Tudor Networks works in a similar way to platforms such as Google Maps. It offers to possibility for users to view almost 100 years of history from a macro perspective. Just like Google Maps might reveal streets that had never been mapped before, this platform reveals hidden histories and network connections that were previously unknown.
The platform allows users to zoom in and out of correspondence, jump from one point in history to the next, move from a view of thousands letters to the itineraries of a specific person, and to view the networked connections of people through time, and to read various letters related to this.
The data visualisation website of the project maps over 120,000 letters pertaining to the Tudor government, which are part of the State Papers, many of which are held by the National Archives. The collection includes political missives, foreign intelligence reports from diplomats and spies, as well as correspondence intercepted through the practices of espionage.
The work provides new ways to understand and discover the networks of individuals.

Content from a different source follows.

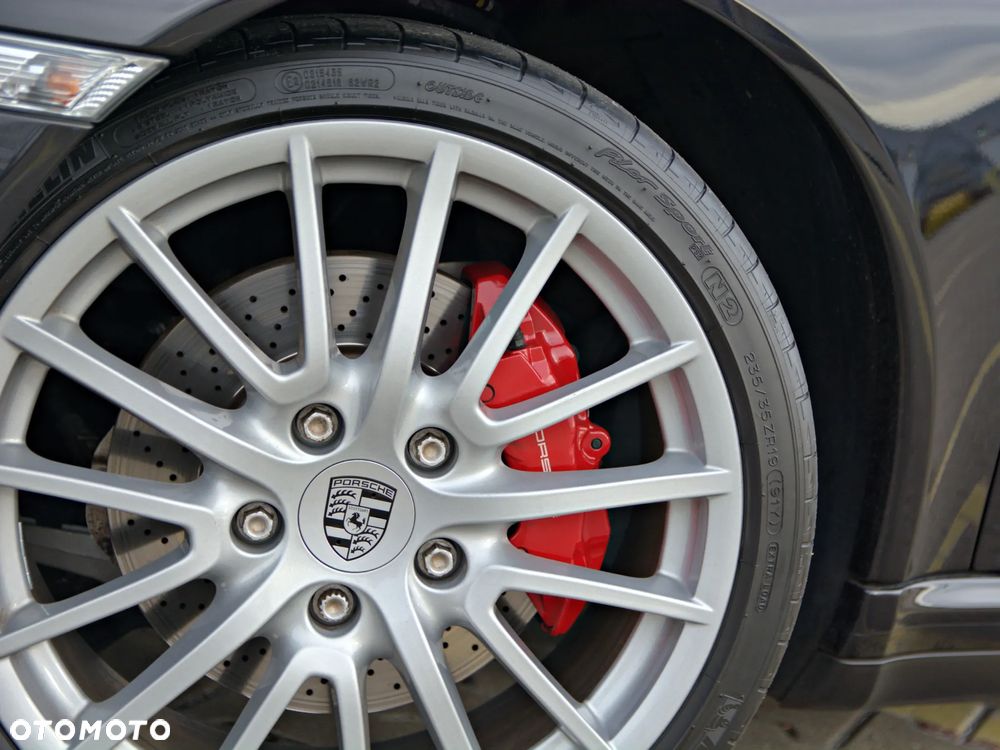 Porsche 911 Carrera 4 S Tiptronic - 18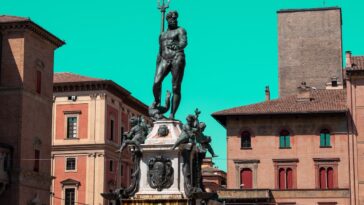 Standbeeld op plein in Bologna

At a time when government communications are under scrutiny like never before, and when discourses of the surveillance state are commonplace, this project, which encompasses both science and history, sheds new light on one of the formative periods in Britain’s constitutional history.

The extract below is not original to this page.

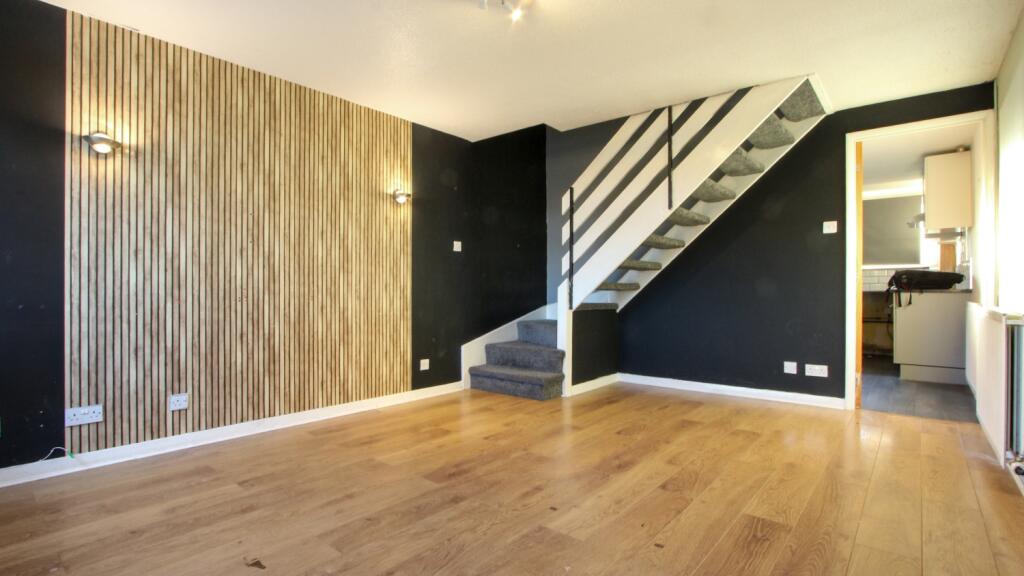 Main image of property: 127 Lee Crescent, Bridge of Don, Aberdeen, AB22 8FH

Professor Ruth Ahnert, Professor of Literary History at Queen Mary University of London, who led the project said: "The visualisation lets people see how the Tudor government positioned itself on the international stage: how it gathered information, and where it had eyes.
"By looking at the network of letters from the secretaries of state, we can quickly grasp from whom and from where their intelligence reports came. We can see the huge reach of the Elizabethan Secretary of State, Francis Walsingham’s spy network, with dense coverage in key locations of interest.
"This work also allows us to reconstruct for the first time the itineraries of people by the time-ordered letters they sent from different locations. We can see the huge amount of travel undertaken by diplomats, military leaders, merchants, and other agents and spies. We can also tell who was in the same place at the same time, and start to see intersections at unexpected places at the same moment in time – which points us to key events.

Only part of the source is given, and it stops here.